Siempre pensé que era el perrito del vecino, un tipo alto y tieso como un mástil, viejo y huraño. Casi siempre que lo veía andaban juntos. Sin embargo, de un tiempo a esta parte Lídel anda siempre solo, recorriendo las calles de arena de La Caleta.
La semana pasada le hice unas carantoñas y se tomó la confianza de subir tras de mí las escaleras de mi casa y colarse en la cocina. Era la hora de la cena, así que abrí la nevera y le fui dando, cachito a cachito, una salchicha alema del supermercado Lidl. El perrito devoraba la salchicha con desesperación de náufrago.
Al día siguiente, a la misma hora, yo llegaba exhausto del instituto (los martes y los jueves doy clase en el nocturno) y a la puerta de mi casa estaba haciendo guardia el perrito del vecino. Pensé en las salchichas alemanas del Lidl, y allí mismo lo bauticé:
-¡Vamos, Lídel, sube, que es la hora de la cena! -le azucé.
Lídel salió escopetado escaleras arriba, en dirección a la nevera: esa noche cayó otra salchicha alemana.
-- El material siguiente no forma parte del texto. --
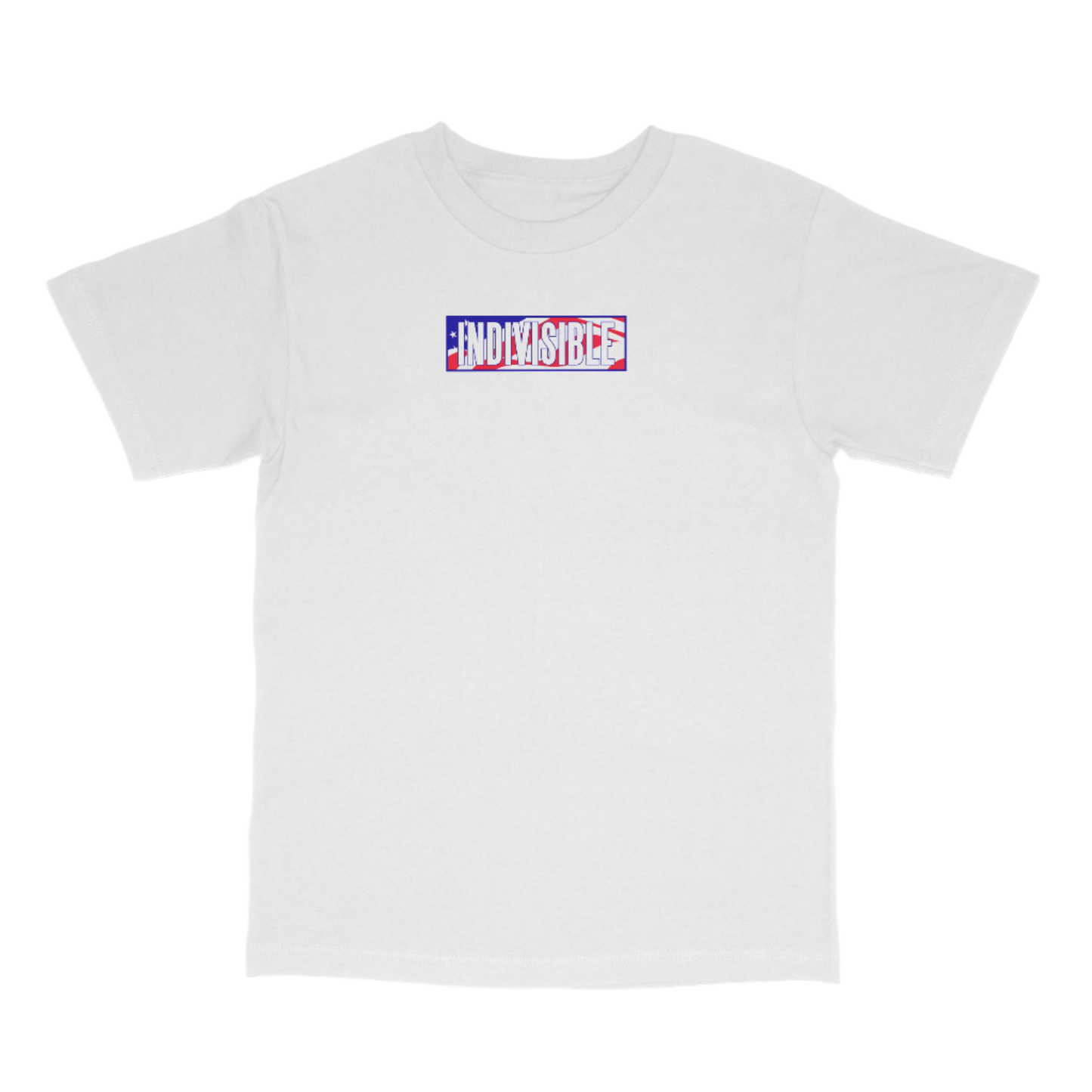 Indivisible Freedom Box Logo Tee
De este modo, noche a noche, se fue construyendo entre Lídel y yo una placentera rutina, como la que van forjando los amantes a lo largo del tiempo.
Pero llegó el día fatídico.
Llegó nuestra primera crisis.
Y es que una de esas noches, en la que llegaba a casa tarde y sin fuerzas para juguetear con Lídel, al abrir la nevera descubrí que el bote de salchichas estaba vacío.
(Sí, lo reconozco: soy de esas personas que terminan un bote o un paquete de algo y lo dejan nuevamente en la nevera, a la espera de que alguien con más iniciativa y resolución acabe por tirarlo a la basura)
Mientras yo miraba con cara de imbécil el bote lleno de ese líquido en el que nadan (cuando quedan) las salchichas, Lídel movía la cola frenéticamente, salivando y extasiado, ajeno a la tragedia que se estaba mascando.
-Ya va, Lídel, ya va -decía, tranquilizador, mientras en mi interior mi cabeza trataba de sacudirse el abotorgamiento y el cansancio para buscar una solución.
Llené un tazón con el líquido amniótico de las salchichas, cuyo olor me pareció tan penetrante, tan asalchichado, que por un momento pensé que a Lídel no le importaría cenar caldo de salchicha, para variar.
Pero Lídel husmeó aquel mejunje y lo rechazó con displicencia.
Registré mi nevera y mi despensa: pasta, papas, frutos secos, yogures, bases de pizza, fruta, queso blanco, pepinillos, dátiles, cereales, leche, berberechos...
Allí no había nada apropiado para Lídel.
Y entonces vi las sardinas jareadas.
-Si fueras un gato- le dije.
Lídel me miraba expectante, como queriendo comprenderme.
-Si fueras un gato todo sería más fácil.
Lídel agachó las orejas. Una especie de gemido se escapó de su interior.
-¿Y por qué no? -le dije-. ¿Por qué no ibas a ser tú capaz de comer sardinas?
Y así, con suma precaución, le partí una porción de sardina jareada. Lídel la olisqueó y se abalanzó sobre ella, casi con mayor entusiasmo que hacia las salchichas a las que lo tenía habituado.
No he vuelto a hacer una compra en Lidl. Así que, hasta la fecha, el perrito Lídel sigue cenando cada noche sardinas jareadas.
Entre los dos se ha restaurado la vieja rutina y el pescado salado ha hecho posible esta dulce reconciliación.
Hay personas extrovertidas, y de una jovialidad sencilla: son los amantes de los perros.
Hay otras personas que se sienten más cómodas en el ensimismamiento de sus soledades: son los que aman a los gatos.
Pero Lídel es un perro al que le gustan las sardinas jareadas.
Así que es muy probable que las cosas no resulten ser tan simples como parecen.
Y que cada persona sea un misterio, una incógnita, un enigma.